**What to do**
Output range, inclusive: from the line containing "Sad man waiting" to the line containing "bedroom with a wall". Restate those lines from the data below word for word and only those.

[Collection entries]
....................
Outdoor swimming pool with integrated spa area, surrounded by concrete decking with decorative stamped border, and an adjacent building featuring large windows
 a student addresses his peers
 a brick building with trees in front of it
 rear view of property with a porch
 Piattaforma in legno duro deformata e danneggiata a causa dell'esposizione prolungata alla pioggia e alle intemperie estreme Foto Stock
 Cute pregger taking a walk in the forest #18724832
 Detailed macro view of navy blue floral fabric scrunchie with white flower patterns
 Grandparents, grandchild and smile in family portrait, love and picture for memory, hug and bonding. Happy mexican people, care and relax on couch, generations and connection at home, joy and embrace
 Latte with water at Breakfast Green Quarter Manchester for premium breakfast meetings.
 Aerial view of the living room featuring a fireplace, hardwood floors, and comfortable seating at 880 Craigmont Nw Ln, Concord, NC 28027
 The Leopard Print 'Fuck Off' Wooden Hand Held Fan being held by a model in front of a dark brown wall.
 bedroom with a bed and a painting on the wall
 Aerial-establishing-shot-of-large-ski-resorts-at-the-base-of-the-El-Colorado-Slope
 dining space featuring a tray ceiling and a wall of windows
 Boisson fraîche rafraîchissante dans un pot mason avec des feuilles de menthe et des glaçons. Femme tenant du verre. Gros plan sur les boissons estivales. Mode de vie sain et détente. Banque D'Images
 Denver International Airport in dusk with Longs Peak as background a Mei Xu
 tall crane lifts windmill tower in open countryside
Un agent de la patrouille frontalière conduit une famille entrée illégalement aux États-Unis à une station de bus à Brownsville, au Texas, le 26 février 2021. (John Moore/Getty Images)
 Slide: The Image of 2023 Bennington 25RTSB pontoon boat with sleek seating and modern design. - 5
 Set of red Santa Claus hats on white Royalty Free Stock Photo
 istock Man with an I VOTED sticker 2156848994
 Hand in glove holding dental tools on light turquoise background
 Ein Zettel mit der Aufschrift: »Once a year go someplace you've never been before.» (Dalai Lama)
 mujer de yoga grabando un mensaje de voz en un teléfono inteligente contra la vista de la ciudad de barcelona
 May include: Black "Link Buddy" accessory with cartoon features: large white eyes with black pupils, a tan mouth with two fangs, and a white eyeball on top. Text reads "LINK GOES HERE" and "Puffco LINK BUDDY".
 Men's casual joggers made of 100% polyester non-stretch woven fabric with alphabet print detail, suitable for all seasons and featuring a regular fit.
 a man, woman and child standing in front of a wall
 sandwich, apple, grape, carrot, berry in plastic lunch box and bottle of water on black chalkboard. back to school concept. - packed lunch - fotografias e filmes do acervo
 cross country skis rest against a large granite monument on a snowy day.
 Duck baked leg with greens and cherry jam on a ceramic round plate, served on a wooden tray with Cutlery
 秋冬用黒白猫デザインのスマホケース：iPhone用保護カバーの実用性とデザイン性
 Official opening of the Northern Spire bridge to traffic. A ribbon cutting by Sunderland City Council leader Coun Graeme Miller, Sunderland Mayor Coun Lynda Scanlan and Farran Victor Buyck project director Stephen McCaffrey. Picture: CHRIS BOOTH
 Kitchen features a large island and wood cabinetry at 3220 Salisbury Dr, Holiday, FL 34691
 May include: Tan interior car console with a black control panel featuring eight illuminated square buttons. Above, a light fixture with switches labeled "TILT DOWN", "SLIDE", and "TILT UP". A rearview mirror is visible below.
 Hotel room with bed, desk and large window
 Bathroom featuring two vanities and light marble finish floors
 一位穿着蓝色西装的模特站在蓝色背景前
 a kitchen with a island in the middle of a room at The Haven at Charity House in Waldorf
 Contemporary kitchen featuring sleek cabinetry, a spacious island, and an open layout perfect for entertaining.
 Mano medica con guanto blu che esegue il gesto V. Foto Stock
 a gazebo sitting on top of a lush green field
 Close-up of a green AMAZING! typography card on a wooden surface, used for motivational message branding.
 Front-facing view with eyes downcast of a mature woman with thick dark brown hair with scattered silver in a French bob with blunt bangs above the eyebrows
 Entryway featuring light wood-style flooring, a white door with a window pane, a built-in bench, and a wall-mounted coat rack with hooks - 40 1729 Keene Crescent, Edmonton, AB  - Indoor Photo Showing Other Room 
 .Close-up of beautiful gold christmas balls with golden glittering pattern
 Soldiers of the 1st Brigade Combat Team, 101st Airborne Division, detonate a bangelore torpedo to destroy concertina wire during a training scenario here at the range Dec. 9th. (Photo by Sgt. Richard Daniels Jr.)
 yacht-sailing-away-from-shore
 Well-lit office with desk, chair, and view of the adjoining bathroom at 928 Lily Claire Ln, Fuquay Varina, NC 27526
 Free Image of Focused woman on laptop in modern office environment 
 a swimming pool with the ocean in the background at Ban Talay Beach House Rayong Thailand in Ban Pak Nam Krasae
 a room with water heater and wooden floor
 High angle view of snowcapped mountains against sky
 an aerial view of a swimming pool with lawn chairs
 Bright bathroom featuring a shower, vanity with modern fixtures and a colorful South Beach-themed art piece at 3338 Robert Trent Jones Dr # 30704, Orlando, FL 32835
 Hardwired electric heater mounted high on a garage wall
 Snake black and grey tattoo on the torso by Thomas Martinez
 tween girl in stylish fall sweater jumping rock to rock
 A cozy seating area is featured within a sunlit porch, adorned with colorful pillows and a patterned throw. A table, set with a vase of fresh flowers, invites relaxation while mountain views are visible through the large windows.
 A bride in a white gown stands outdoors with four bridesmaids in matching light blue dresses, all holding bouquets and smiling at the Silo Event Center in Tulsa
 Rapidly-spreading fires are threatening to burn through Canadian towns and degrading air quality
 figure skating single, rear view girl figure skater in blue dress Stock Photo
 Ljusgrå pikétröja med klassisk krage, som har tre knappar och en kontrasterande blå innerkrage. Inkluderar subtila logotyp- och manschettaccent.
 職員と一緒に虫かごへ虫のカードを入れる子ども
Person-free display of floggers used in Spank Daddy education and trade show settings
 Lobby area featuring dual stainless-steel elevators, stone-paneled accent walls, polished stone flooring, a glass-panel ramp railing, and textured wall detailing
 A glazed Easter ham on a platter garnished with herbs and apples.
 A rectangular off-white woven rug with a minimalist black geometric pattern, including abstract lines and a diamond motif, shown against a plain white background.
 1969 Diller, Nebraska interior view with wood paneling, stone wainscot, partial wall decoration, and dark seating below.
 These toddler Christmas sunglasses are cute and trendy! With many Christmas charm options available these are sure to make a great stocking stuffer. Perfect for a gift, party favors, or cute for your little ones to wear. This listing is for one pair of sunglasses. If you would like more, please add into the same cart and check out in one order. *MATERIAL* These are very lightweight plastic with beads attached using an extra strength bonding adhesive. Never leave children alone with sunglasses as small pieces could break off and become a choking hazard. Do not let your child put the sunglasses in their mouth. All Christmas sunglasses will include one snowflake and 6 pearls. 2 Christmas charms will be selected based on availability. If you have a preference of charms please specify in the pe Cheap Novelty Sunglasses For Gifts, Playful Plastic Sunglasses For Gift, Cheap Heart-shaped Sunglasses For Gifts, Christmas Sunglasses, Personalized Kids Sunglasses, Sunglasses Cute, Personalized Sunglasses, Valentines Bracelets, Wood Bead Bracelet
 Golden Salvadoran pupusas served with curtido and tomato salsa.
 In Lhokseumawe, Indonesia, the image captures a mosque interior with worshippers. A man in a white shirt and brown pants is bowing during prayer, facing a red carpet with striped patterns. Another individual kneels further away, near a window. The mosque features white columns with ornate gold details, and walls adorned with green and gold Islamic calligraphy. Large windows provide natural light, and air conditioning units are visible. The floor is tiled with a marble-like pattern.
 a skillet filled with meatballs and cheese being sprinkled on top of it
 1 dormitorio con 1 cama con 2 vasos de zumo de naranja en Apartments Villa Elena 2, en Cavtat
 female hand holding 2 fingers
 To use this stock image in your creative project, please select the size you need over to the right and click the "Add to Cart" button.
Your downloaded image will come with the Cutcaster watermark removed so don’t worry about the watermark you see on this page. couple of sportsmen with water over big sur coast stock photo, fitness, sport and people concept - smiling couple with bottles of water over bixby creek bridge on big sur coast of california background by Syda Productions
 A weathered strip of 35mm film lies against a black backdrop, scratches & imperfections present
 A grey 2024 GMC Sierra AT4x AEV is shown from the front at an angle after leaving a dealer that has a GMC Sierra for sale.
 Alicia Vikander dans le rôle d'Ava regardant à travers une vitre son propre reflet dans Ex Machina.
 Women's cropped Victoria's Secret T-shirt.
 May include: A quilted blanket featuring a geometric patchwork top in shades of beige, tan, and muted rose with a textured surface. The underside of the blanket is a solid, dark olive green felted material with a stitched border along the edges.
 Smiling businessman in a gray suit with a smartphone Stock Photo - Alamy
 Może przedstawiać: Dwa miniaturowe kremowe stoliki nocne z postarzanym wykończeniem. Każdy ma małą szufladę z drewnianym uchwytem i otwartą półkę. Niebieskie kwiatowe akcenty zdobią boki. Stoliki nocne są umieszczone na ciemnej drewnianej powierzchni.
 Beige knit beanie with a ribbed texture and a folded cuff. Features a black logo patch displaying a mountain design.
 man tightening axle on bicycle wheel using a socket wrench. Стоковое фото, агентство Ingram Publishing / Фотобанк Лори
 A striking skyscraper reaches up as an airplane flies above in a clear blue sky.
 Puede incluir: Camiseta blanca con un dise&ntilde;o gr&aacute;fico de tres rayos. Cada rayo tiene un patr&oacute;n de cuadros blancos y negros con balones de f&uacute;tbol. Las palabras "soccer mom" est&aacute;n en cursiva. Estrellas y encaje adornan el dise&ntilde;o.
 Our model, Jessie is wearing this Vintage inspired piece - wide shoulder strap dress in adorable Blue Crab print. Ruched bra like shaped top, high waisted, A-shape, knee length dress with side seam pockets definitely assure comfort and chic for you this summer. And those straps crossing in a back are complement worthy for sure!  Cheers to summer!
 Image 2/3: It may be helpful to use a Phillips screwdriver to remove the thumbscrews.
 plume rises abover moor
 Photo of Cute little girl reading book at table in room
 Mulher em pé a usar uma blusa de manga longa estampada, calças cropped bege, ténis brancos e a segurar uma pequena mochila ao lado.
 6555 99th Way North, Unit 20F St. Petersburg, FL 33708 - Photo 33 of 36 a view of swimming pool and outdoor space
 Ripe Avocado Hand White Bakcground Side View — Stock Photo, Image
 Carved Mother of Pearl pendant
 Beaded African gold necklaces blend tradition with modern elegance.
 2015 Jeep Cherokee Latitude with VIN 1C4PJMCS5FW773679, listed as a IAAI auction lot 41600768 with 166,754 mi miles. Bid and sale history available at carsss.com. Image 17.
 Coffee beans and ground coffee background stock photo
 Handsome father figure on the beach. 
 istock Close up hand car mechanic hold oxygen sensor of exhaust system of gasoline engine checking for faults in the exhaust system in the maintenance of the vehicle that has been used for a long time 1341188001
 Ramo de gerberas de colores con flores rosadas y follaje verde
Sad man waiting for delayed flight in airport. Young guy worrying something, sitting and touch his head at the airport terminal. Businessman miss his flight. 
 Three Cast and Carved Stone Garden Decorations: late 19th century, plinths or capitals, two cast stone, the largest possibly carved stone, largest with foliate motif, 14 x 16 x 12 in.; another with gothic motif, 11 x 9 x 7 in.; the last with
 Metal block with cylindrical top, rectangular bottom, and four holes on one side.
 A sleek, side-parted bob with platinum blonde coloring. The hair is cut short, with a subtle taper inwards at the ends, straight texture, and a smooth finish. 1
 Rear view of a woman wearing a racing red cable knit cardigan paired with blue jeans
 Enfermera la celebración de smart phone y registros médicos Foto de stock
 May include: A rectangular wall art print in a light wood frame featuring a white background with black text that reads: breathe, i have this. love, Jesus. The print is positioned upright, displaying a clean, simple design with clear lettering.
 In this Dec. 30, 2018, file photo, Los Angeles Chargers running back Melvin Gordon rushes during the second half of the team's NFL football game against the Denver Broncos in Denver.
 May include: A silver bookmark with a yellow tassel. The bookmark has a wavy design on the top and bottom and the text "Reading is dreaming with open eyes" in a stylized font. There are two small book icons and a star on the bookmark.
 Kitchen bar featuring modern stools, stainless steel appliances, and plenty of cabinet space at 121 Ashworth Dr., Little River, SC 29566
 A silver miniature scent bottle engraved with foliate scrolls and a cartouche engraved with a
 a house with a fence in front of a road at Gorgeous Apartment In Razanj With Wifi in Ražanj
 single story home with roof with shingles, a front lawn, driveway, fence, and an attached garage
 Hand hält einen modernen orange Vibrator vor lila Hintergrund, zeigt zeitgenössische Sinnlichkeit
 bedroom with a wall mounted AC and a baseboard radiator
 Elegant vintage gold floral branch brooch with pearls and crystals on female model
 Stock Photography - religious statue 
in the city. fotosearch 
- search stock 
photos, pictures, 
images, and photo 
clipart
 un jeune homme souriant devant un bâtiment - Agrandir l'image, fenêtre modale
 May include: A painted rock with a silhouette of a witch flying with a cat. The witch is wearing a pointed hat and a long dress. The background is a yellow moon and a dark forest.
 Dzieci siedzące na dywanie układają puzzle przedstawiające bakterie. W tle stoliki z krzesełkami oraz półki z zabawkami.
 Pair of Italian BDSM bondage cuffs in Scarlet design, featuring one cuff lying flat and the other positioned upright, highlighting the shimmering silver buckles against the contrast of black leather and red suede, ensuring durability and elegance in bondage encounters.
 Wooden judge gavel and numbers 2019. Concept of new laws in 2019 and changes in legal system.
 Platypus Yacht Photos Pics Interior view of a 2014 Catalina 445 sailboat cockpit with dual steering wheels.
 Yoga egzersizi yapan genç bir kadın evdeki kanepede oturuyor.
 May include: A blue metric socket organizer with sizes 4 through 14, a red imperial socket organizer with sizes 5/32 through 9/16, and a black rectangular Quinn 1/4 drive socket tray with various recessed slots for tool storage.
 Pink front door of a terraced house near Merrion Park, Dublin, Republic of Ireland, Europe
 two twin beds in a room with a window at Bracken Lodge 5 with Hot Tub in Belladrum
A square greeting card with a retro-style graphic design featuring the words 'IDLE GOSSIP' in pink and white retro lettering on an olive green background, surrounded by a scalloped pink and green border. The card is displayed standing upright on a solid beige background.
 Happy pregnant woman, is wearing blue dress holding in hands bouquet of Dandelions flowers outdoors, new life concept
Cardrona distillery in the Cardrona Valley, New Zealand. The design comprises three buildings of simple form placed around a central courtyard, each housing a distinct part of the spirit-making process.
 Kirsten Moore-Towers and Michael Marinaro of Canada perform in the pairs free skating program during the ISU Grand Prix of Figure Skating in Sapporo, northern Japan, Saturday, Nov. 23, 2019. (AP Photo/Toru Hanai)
....................
**Response**
Sad man waiting for delayed flight in airport. Young guy worrying something, sitting and touch his head at the airport terminal. Businessman miss his flight. 
 Three Cast and Carved Stone Garden Decorations: late 19th century, plinths or capitals, two cast stone, the largest possibly carved stone, largest with foliate motif, 14 x 16 x 12 in.; another with gothic motif, 11 x 9 x 7 in.; the last with
 Metal block with cylindrical top, rectangular bottom, and four holes on one side.
 A sleek, side-parted bob with platinum blonde coloring. The hair is cut short, with a subtle taper inwards at the ends, straight texture, and a smooth finish. 1
 Rear view of a woman wearing a racing red cable knit cardigan paired with blue jeans
 Enfermera la celebración de smart phone y registros médicos Foto de stock
 May include: A rectangular wall art print in a light wood frame featuring a white background with black text that reads: breathe, i have this. love, Jesus. The print is positioned upright, displaying a clean, simple design with clear lettering.
 In this Dec. 30, 2018, file photo, Los Angeles Chargers running back Melvin Gordon rushes during the second half of the team's NFL football game against the Denver Broncos in Denver.
 May include: A silver bookmark with a yellow tassel. The bookmark has a wavy design on the top and bottom and the text "Reading is dreaming with open eyes" in a stylized font. There are two small book icons and a star on the bookmark.
 Kitchen bar featuring modern stools, stainless steel appliances, and plenty of cabinet space at 121 Ashworth Dr., Little River, SC 29566
 A silver miniature scent bottle engraved with foliate scrolls and a cartouche engraved with a
 a house with a fence in front of a road at Gorgeous Apartment In Razanj With Wifi in Ražanj
 single story home with roof with shingles, a front lawn, driveway, fence, and an attached garage
 Hand hält einen modernen orange Vibrator vor lila Hintergrund, zeigt zeitgenössische Sinnlichkeit
 bedroom with a wall mounted AC and a baseboard radiator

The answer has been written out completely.